January 20, 2017, Nairobi. Passion fruit is one of the major fruits produced in Kenya for domestic and export markets. It is the third most popular fruit after avocado and mango. In Kenya, both the purple and yellow varieties are popular depending on the target market or use. Like other fresh fruits, high postharvest losses (> 50%) are reported in passion fruit. The high postharvest losses are attributed to many factors starting from the harvest stage.

The desirable eating qualities of the passion fruits can only be realized when the fruits are harvested at the right maturity. However, due to the high demand for passion fruits in the local and export market, farmers practice ‘strip harvesting’ where fruits of mixed maturities are all harvested in one operation to meet the targeted volume.

It should be noted that the sweetness increases while acidity decreases as the fruit mature and ripen. Therefore mixing fruits of different maturity results in juices of inconsistent quality which affects consumer acceptance. Fruits for fresh market may be sorted into batches of uniform maturity.

Temperature management is critical is postharvest handling of all perishable commodities. Although conventional cold rooms are out of reach for the smallholder farmers involved in passion fruit production, good postharvest handling practices can be adopted to maintain cool temperatures around the produce.

This include harvesting during the cooler times of the day (late evening or early morning); keeping the harvested produce under shade and transporting during cooler times of the day or at night. Additionally there are low-cost cold storage technologies such as zero energy cool chamber (ZECC) = zero energy brick cooler (ZEBC); charcoal cooler; solar cooler and Coolbot™ cold room which are currently being promoted for adoption by smallholder farmers who cannot afford conventional cold rooms.

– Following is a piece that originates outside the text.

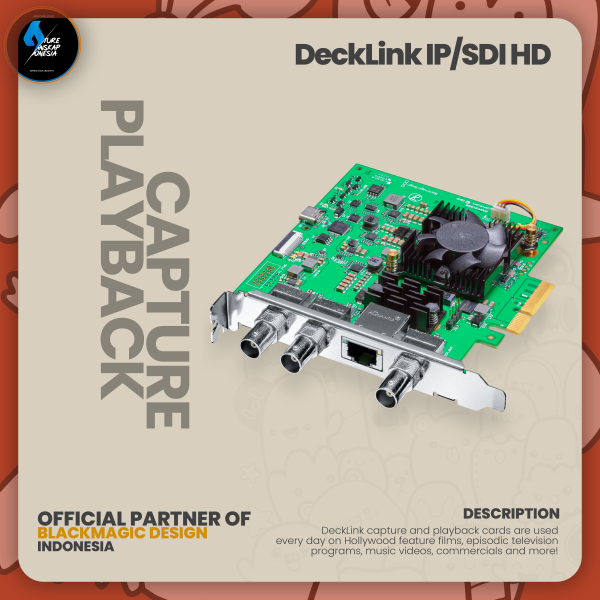 Blackmagic Design Decklink IP/SDI HD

Passion fruits produce very high levels of ethylene – the ripening hormone. It is for this reason that passion fruit is often used in ripening chambers. The presence of ethylene in storage areas hastens ripening and deterioration of the fruits. Therefore ethylene management – removal or exclusion from the storage areas is critical for quality preservation.

There are various technologies that are used by large scale operators to manage ethylene in storage areas. These include; application of 1-Methylcyclopropene (1-MCP) which is an ethylene inhibitor; use of ethylene scrubbers such as potassium permanganate which oxidises ethylene in the storage area; ozone is also used to oxidize ethylene.

One very simple yet effective postharvest technology that can be used to preserve freshness in passion fruit is modified atmosphere packaging (MAP). When a package that is suitable for the fruit is used, the shelf life of passion fruits can be preserved for up to 15 days (at room temperature) compared to the fruits that are unpackaged. MAP creates an altered atmosphere around the fruit which in turn slows down processes such as respiration, ethylene production and water loss. When packaged in MAP, the package creates a barrier that hinders diffusion of water to the surrounding environment. As a result a saturated environment with high humidity is created around the fruits.

This in turn slows down water loss and subsequent shrivelling of the fruits. Additionally the package creates a barrier to oxygen from the surrounding environment thereby reducing oxygen in the package. Since the fruit is ‘living’ and therefore continues to ‘breathe’, it produces carbon dioxide and uses up oxygen in the package. As a result the oxygen in the package reduces as the carbon dioxide increases. In essence this is what is referred to as modified atmosphere.